Beige in 2026 is the kei-class lifestyle palette — Hustler, Taft, Delica Mini, Jimny — where the colour is a deliberate contemporary aesthetic choice, not a fleet-history flag. The buyer for these vehicles actively chooses the colour as part of the outdoor/adventure styling.

For older legacy models (Allion, Premio, Camry), beige still carries the historical association. But for current 2022+ stock in lifestyle kei vehicles, the colour is a feature, not a flag. The rule needs to be updated: beige on an Allion still discounts the resale; beige on a Hustler does not.

The lower average JPY for beige examples (¥2.78M) reflects the model mix (kei cars are cheaper), not a colour penalty per se.

Rule 3: Solid white commands a premium over pearl

This is the most counterintuitive finding in the dataset. Solid white examples average ¥5.93M in JDM auction price — 31% higher than pearl’s ¥4.5M average. The conventional wisdom that pearl outranks solid white on Sri Lankan resale is contradicted by the inventory composition.

The explanation is mix shift again. Solid white is the dominant new-car colour for current Toyota production (Yaris Cross, Corolla Cross, Land Cruiser 250) where pearl is no longer the default factory option in some trims. Buyers pulling these newer Toyotas are paying for a current-model premium that comes packaged with the solid-white finish.

For the Sri Lankan resale market, this means solid white on a 2023+ Toyota is a premium signal, not a downgrade from pearl. The pearl-only rule of thumb applies to older 2015–2020 stock; for current new-model imports, solid white is genuinely the more in-demand finish on the JDM side and the higher-CIF side translates to higher SL landed prices.

Rule 4: Two-tone roofs still slow the resale, but not as much as you would expect

Multi-tone and “Others” colour categories (combinations like black-roof-orange, two-tone Hustler, Wagon R two-tone livery, BMW M-Sport bicolour) account for 4.1% of inventory at an average JPY of ¥10.1M — the highest of any category, by a significant margin.

The high average JPY reflects the model mix: Lexus NX two-tones, Mercedes-AMG bicolours, lifestyle kei cars in adventure liveries. These are not bargains; they are premium-spec orders.

In Sri Lankan resale terms, two-tone configurations consistently take 2–3 weeks longer to sell than equivalent single-colour examples — not because the buyer pool is smaller, but because the buyer pool is more specific. The right buyer pays a small premium for the distinctive look; the wrong buyer never even shortlists the car. Plan for slower exit if you go two-tone.

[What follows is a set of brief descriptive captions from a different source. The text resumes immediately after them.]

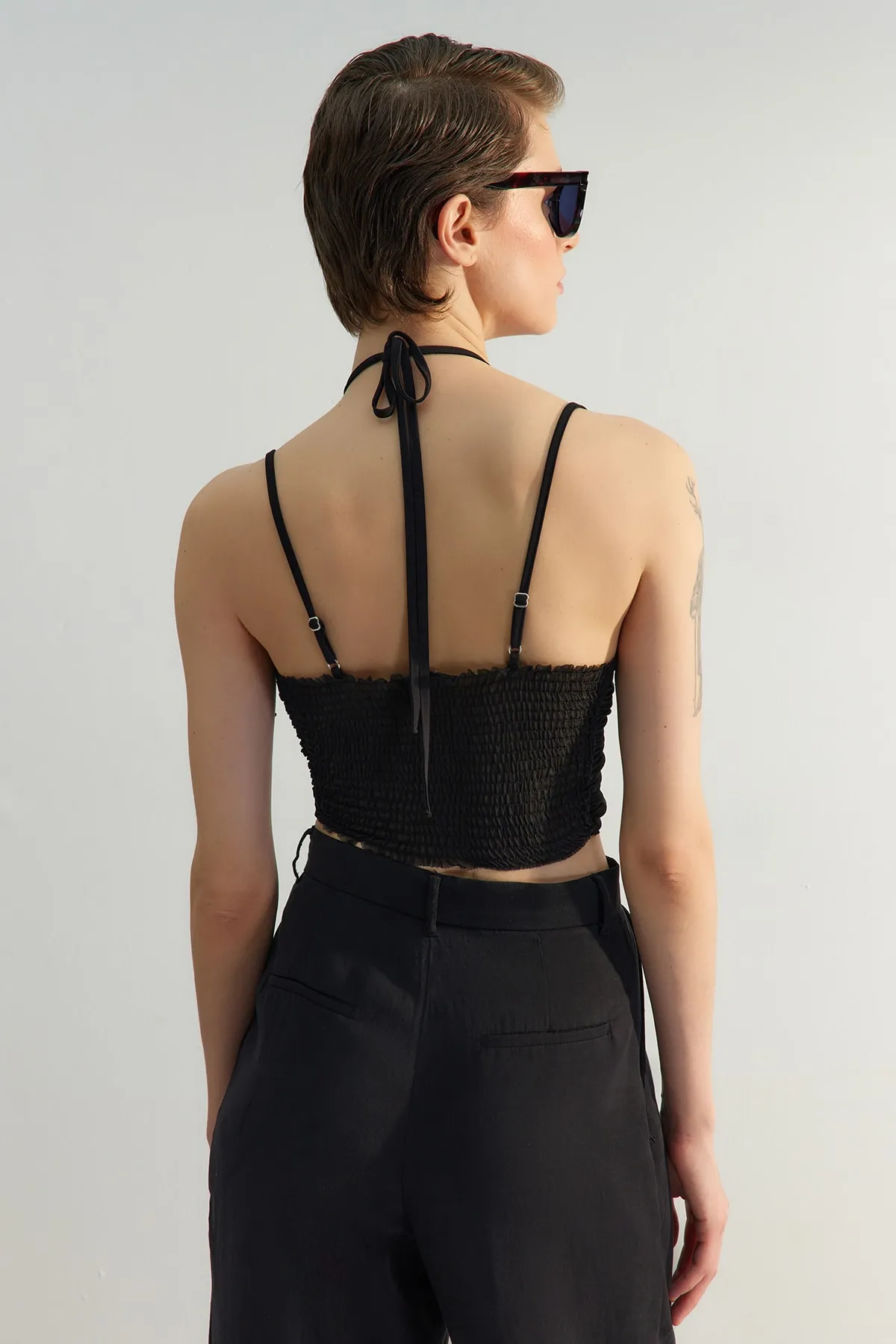 Trendyol Collection  Schwarzes, detailliertes Bustier mit V-Ausschnitt in limitierter Auflage TPRSS23BS00091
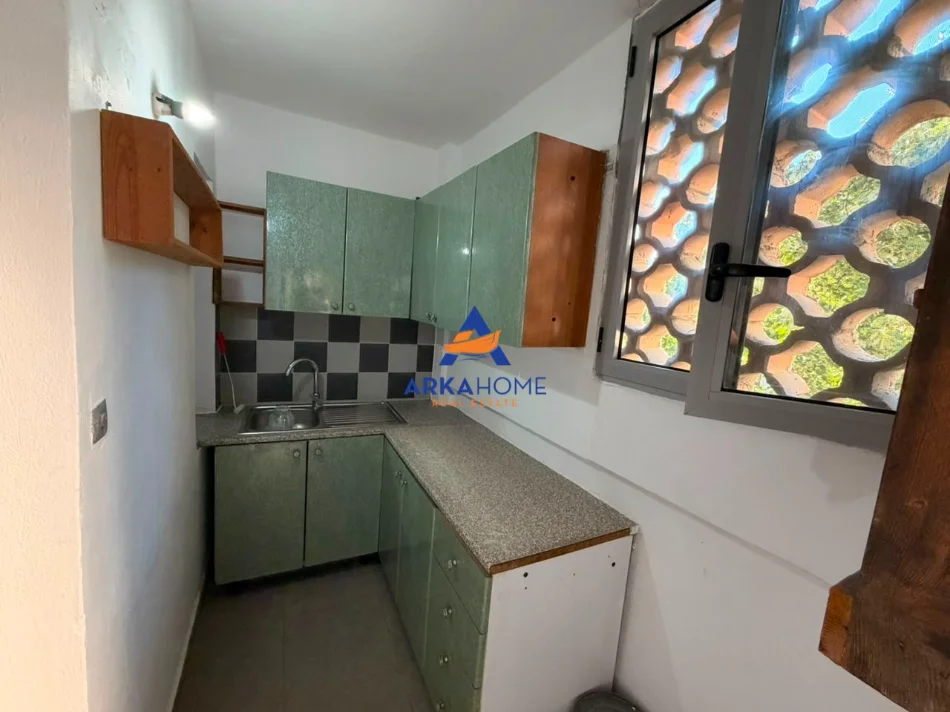 Tirane, jepet me qera apartament 1+1+Ballkon Kati 4, 60 m² 527 € 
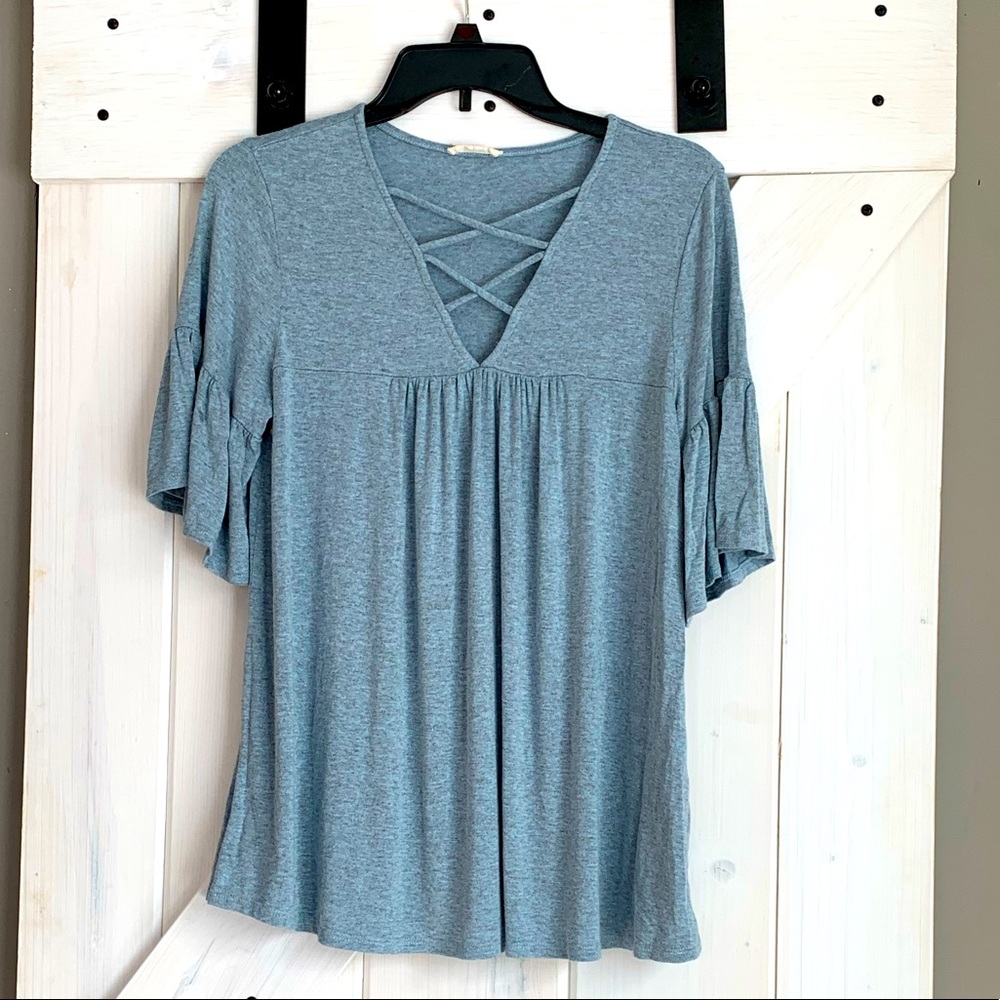 Women’s First Love Babydoll Bell Sleeve Stretch V-neck Criss cross Blouse Small
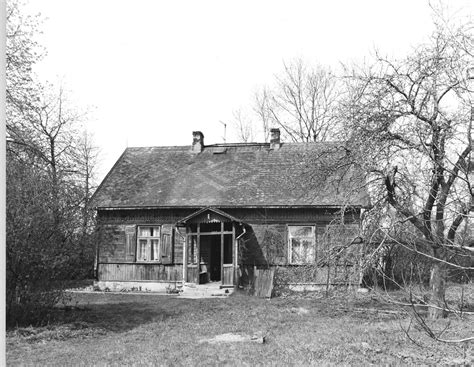 zdjęcie dawnych budynków Żnina z okresu przedwojennego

Rule 5: Green is having an unexpected moment

Green is the surprising fifth-most-common single colour in the dataset (105 examples, 3.3%) — ahead of blue (104), silver (98) and red (64). The top green models are concentrated in three categories:

  • Suzuki kei-class lifestyle vehicles (Hustler, Wagon R Stingray, Jimny)
  • Toyota Land Cruiser 250 / Land Cruiser 70 (the dark forest-green factory options)
  • Honda Civic and Accord (current-gen sage and green metallic options)

Green is not a colour the SL conventional wisdom traditionally rates highly, but the JDM auction-side data shows it landing in real volume. For the buyer who genuinely wants green, the inventory is there; for the seller, expect a slightly narrower buyer pool but a buyer who actively wanted that colour and will not haggle on it. Green at ¥3.79M average is the lowest-price band of the volume colours, mostly because it skews kei.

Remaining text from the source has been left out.